Jika memang begitu kondisinya, yang jahat justru penonton. Tidak ikut merasakan apa yang dirasakan Lesti. Penonton tidak berempati, betapa galau Lesti selama proses hukum itu berlangsung.
Seumpama perkara dilanjut, misalnya, Rizky dihukum lima tahun penjara, Lesti menjanda. Punya anak satu: Muhammad Leslar Al-Fatih Billar, kini usia 8 bulan. Sebaliknya, penonton tidak ikut merasakan apa yang dirasakan Lesti.
Koran USA Today, terbitan 13 Mei 2012, yang berjudul States cracking down on strangulation attempts menyebutkan, pencekikan di perkara domestic violence (DV) atau KDRT dinyatakan sebagai tindakan paling mematikan.
Namun, pencekikan di KDRT selalu kurang cedera eksternal. Atau sulit dibuktikan melalui visum. Sebab, daging di leher manusia fleksibel. Setelah dicekik keras (asal tidak sampai mati), beberapa menit kemudian daging leher kembali seperti semula. Kenyal oleh jutaan urat di situ. Hanya ada sedikit tanda merah yang juga akan hilang dalam beberapa menit kemudian.
USA Today: ”Ada kurangnya pelatihan medis sehubungan dengan itu. Pencekikan sering jadi masalah tersembunyi.”
Dilanjut: ”Akibatnya, dalam beberapa tahun terakhir, banyak negara bagian AS telah memberlakukan undang-undang khusus melawan pencekikan di perkara DV.”
Kabidhumas Polda Metro Jaya Kombes Endra Zulpan kepada pers menyatakan, ”Korban (Lesti) dicekik, lalu dibanting berkali-kali.”
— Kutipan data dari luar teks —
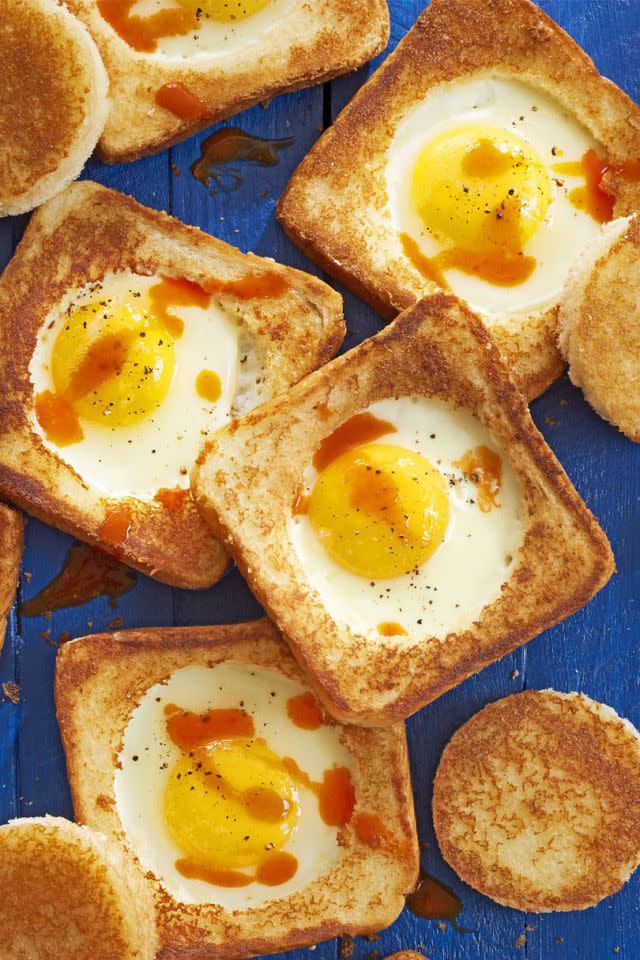 <p>If Mom has a knack for all things spicy, drizzle some hot sauce atop these egg and toast delights.</p><p><em><a href="http://www.countryliving.com/food-drinks/recipes/a41630/parmesan-egg-in-hole-recipe/" rel="nofollow noopener" target="_blank" data-ylk="slk:Get the recipe from Country Living »;elm:context_link;itc:0;sec:content-canvas" class="link ">Get the recipe from Country Living »</a></em></p>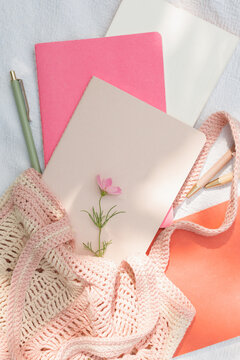 Overhead view of assorted notebooks, pens and a pink flower in a pink knitted bag on white fabric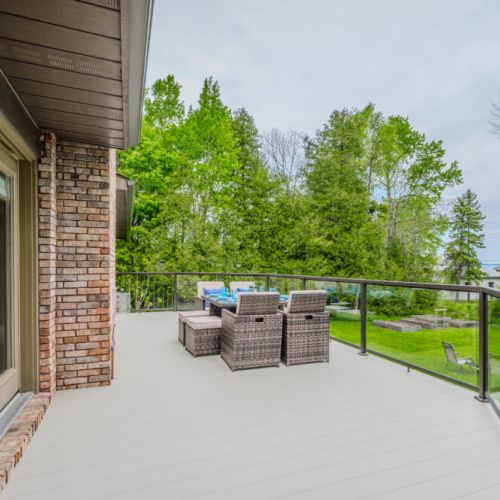 Private upper deck with cushioned seating and lush tree views—ideal for your morning coffee or evening wine under the stars.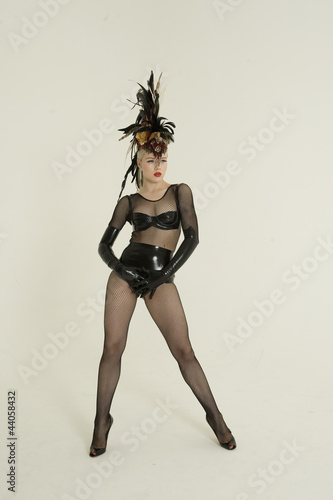 Photo: Pinup woman wearing fishnet stockings and leather posing over colored background Pinup woman wearing fishnet stockings and leather posing over colored background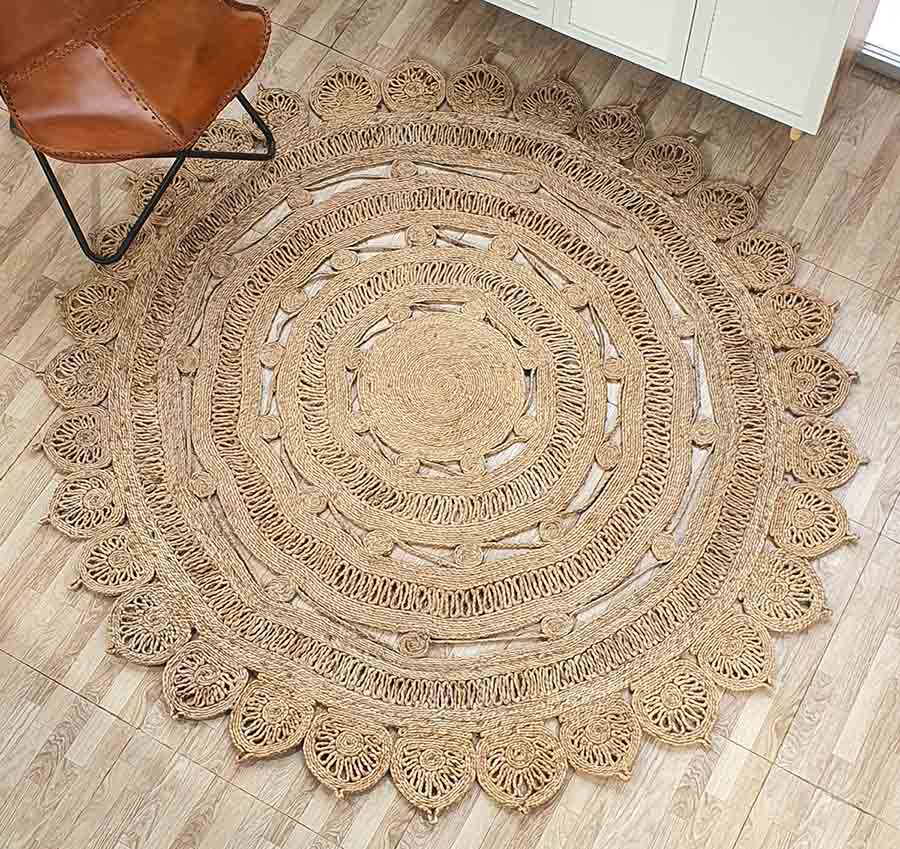The RAMSHA HOME Natural Crochet Jute Round Rug - CR 013, featuring intricate lacy patterns and scalloped edges, is displayed on a light wood floor beside a brown leather chair and a white cabinet.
Alana Prochuck dalam karyanya, We are here: women’s experiences of the barriers to reporting sexual assault (2018), menyatakan bahwa mayoritas wanita korban DV tidak menuntut pelaku. Bahkan, kebanyakan tidak lapor polisi.
Prochuck adalah manajer pendidikan hukum publik di West Coast LEAF. Itu LSM yang memperjuangkan kesetaraan gender pria-wanita, didirikan di Kanada pada 1985.
Karyanya itu berbasis riset di Kanada. Hasil riset, hanya sekitar 5 persen wanita korban domestic violence yang melapor ke polisi. Sisanya diam. Mayoritas dari 5 persen itu adalah istri korban DV suami (di sana ada pasangan hidup bersama, tanpa nikah, jadi tidak bisa disebut istri).
Alasan wanita tidak lapor polisi diperinci dalam persentase. Mayoritas (71 persen responden) menimbang bahwa DV sebagai kejahatan kecil dan tidak layak dilaporkan ke polisi.
Urutan berikutnya, responden menjawab: DV merupakan masalah pribadi dan mereka anggap bisa mereka atasi secara informal.
Urutan berikutnya, responden tidak mau repot berurusan dengan polisi. Menyita waktu dan tenaga dalam tempo lama, kemudian dilanjut ke pengadilan, memakan waktu dan tenaga pula.